And the point of this is what?

Looking north on Broadalbin Street from he corner of Third Avenue on Monday, Nov. 13.

This is one element of Albany's $8.4 million downtown streetscape project that may have people scratching their heads and wondering about the point.

It extends to Broadalbin Street between Second and Third the "promenade" concept first applied some years ago to the block of Broadalbin between First and Second. Parking on the east side of the street is gone, replaced by a wider sidewalk and landscaped holes to catch rainwater.

On the promenade block between First and Second there are retail storefronts, where pedestrians strolling along the widened sidewalk can presumably be fascinated by merchandise in the windows There also is a fine restaurant where diners can sit outside during the few times of the year when it's not too cold, too hot or too wet.

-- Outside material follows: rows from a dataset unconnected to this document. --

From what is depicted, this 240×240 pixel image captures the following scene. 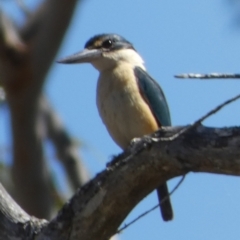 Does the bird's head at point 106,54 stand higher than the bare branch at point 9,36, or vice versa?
the bare branch at point 9,36

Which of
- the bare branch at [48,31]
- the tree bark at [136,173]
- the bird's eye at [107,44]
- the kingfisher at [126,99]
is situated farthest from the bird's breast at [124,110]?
the bare branch at [48,31]

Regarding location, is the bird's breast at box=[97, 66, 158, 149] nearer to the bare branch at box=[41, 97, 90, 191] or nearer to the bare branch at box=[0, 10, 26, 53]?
the bare branch at box=[0, 10, 26, 53]

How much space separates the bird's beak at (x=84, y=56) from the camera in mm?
Answer: 6309

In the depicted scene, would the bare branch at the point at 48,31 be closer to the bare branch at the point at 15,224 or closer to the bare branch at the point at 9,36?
the bare branch at the point at 9,36

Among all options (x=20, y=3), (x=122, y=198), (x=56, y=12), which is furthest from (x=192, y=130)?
(x=20, y=3)

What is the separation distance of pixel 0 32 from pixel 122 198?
11.3 feet

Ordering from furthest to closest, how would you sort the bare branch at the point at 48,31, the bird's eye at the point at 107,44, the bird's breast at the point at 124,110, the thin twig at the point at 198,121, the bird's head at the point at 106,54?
the bare branch at the point at 48,31 < the bird's eye at the point at 107,44 < the bird's head at the point at 106,54 < the bird's breast at the point at 124,110 < the thin twig at the point at 198,121

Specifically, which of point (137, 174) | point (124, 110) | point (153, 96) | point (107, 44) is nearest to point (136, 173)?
point (137, 174)

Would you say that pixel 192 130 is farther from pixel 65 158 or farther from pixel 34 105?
pixel 65 158

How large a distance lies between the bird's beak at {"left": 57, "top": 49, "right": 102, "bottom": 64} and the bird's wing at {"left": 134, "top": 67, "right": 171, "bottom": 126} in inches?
15.9

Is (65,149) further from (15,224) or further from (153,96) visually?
(15,224)

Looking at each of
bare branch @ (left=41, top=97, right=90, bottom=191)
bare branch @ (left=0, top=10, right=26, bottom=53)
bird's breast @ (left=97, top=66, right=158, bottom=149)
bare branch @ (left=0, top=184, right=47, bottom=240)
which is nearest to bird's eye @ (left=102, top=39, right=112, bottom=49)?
bird's breast @ (left=97, top=66, right=158, bottom=149)

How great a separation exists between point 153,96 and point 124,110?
35 cm

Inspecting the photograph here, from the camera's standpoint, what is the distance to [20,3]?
26.2ft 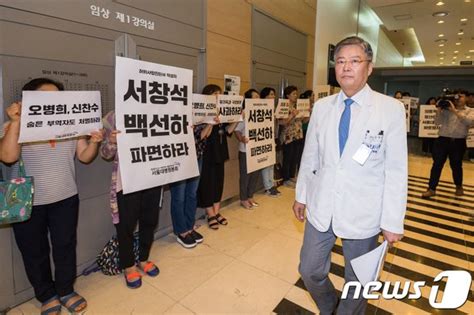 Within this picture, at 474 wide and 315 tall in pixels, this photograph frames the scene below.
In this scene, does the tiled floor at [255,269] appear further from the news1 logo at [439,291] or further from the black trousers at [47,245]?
the black trousers at [47,245]

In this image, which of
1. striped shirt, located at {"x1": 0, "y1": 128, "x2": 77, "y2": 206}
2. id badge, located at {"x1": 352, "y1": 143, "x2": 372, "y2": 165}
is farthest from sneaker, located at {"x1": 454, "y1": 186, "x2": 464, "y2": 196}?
striped shirt, located at {"x1": 0, "y1": 128, "x2": 77, "y2": 206}

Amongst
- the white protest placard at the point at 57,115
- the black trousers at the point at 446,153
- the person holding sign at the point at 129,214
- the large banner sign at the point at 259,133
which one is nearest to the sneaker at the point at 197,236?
the person holding sign at the point at 129,214

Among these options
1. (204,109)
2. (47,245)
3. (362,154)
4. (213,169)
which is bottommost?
(47,245)

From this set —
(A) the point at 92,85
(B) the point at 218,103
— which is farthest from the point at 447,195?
(A) the point at 92,85

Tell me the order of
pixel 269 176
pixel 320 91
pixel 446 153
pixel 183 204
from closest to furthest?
pixel 183 204 < pixel 269 176 < pixel 446 153 < pixel 320 91

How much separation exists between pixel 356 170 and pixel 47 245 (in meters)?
1.96

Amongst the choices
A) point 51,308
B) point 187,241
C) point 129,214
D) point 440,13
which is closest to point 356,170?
point 129,214

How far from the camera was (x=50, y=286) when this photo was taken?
194cm

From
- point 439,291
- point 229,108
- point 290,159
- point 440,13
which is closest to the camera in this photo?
point 439,291

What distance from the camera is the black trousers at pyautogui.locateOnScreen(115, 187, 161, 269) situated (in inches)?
84.0

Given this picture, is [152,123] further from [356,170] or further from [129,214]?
[356,170]

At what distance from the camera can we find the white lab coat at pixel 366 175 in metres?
1.41

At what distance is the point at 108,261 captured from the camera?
2.36 m

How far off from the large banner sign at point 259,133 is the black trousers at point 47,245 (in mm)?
2001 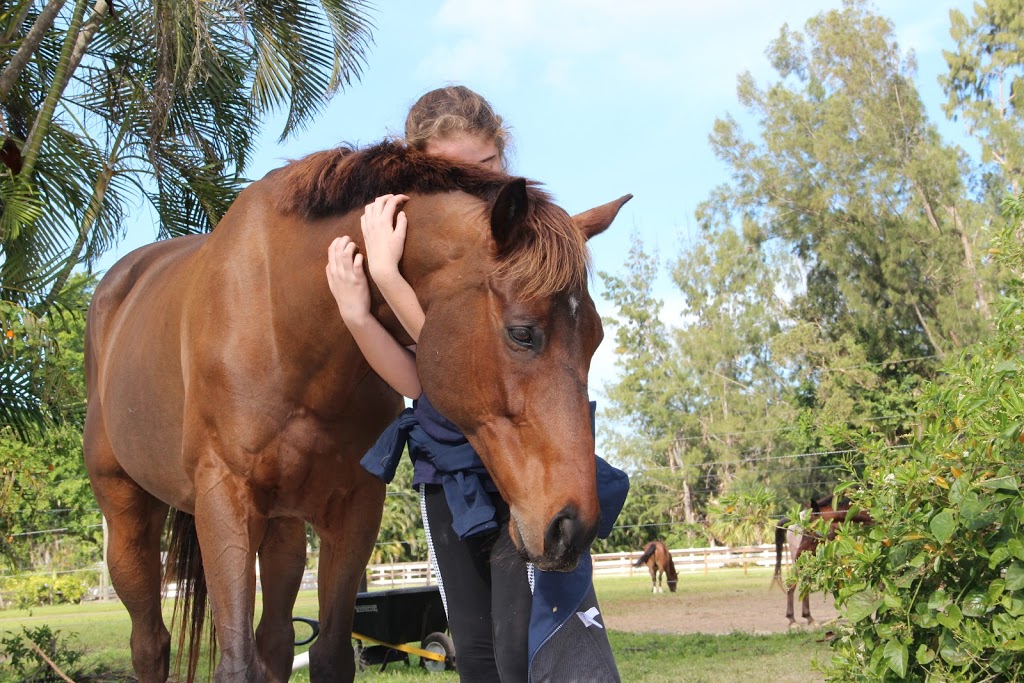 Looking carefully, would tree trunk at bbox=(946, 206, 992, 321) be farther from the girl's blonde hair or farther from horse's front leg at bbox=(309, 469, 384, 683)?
horse's front leg at bbox=(309, 469, 384, 683)

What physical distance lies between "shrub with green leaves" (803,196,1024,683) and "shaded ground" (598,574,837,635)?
614 cm

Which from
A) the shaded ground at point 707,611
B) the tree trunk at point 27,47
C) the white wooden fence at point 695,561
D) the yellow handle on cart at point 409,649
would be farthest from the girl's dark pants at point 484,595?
the white wooden fence at point 695,561

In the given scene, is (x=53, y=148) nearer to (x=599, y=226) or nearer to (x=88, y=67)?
(x=88, y=67)

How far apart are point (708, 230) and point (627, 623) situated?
2271cm

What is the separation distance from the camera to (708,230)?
3259 cm

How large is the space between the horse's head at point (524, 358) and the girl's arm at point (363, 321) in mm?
251

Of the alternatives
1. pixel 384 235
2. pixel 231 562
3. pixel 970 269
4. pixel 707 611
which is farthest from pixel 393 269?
pixel 970 269

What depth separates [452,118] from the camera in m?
2.71

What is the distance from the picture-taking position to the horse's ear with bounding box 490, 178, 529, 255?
2057 millimetres

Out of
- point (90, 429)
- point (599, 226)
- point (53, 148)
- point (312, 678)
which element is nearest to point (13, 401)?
point (53, 148)

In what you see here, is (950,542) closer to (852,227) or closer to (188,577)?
(188,577)

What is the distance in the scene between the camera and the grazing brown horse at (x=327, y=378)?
2014 mm

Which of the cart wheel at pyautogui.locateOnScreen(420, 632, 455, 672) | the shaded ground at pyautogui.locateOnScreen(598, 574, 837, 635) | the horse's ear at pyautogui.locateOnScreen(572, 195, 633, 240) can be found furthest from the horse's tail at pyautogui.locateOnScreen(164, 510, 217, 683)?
the shaded ground at pyautogui.locateOnScreen(598, 574, 837, 635)

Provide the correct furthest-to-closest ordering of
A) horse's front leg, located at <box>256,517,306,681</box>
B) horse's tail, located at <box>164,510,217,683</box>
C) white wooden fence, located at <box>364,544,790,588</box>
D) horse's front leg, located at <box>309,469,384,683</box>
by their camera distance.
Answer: white wooden fence, located at <box>364,544,790,588</box>
horse's tail, located at <box>164,510,217,683</box>
horse's front leg, located at <box>256,517,306,681</box>
horse's front leg, located at <box>309,469,384,683</box> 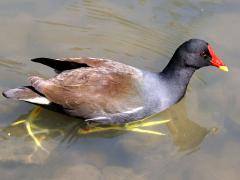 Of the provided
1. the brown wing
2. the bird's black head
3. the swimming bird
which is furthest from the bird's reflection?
the bird's black head

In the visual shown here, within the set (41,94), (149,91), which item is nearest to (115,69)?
(149,91)

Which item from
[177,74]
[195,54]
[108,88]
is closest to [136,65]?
[177,74]

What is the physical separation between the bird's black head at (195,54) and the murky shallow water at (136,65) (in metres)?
0.53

What about this block being rebuilt now? There's the vacant retail suite on the corner, then the state Department of Geology and Mineral Industries, then a couple of office-type businesses, and then the shuttered public restrooms of the old post office building that later served as city hall, and finally the west wall of the building itself. Not exactly a hot spot for casual strolling and seeing the downtown sights.

Things don't have to stay the way they are, of course. Maybe the owner of the corner storefront will find merchants who make a go of it in that space. Maybe the demand for retail will explode to such an extent that DOGAMI and the other offices will be replaced by tenants that get lots of foot traffic. And maybe the local development company that owns the old city hall can figure out something to do with that old pile, something that customers will want to visit or see. Maybe.

If it happens, great. If not, all you have is a wider sidewalk on which nobody walks, and the loss of four parking spaces on the street. (hh)

The former city hall's west side fronts on the Broadalbin Street beautification project.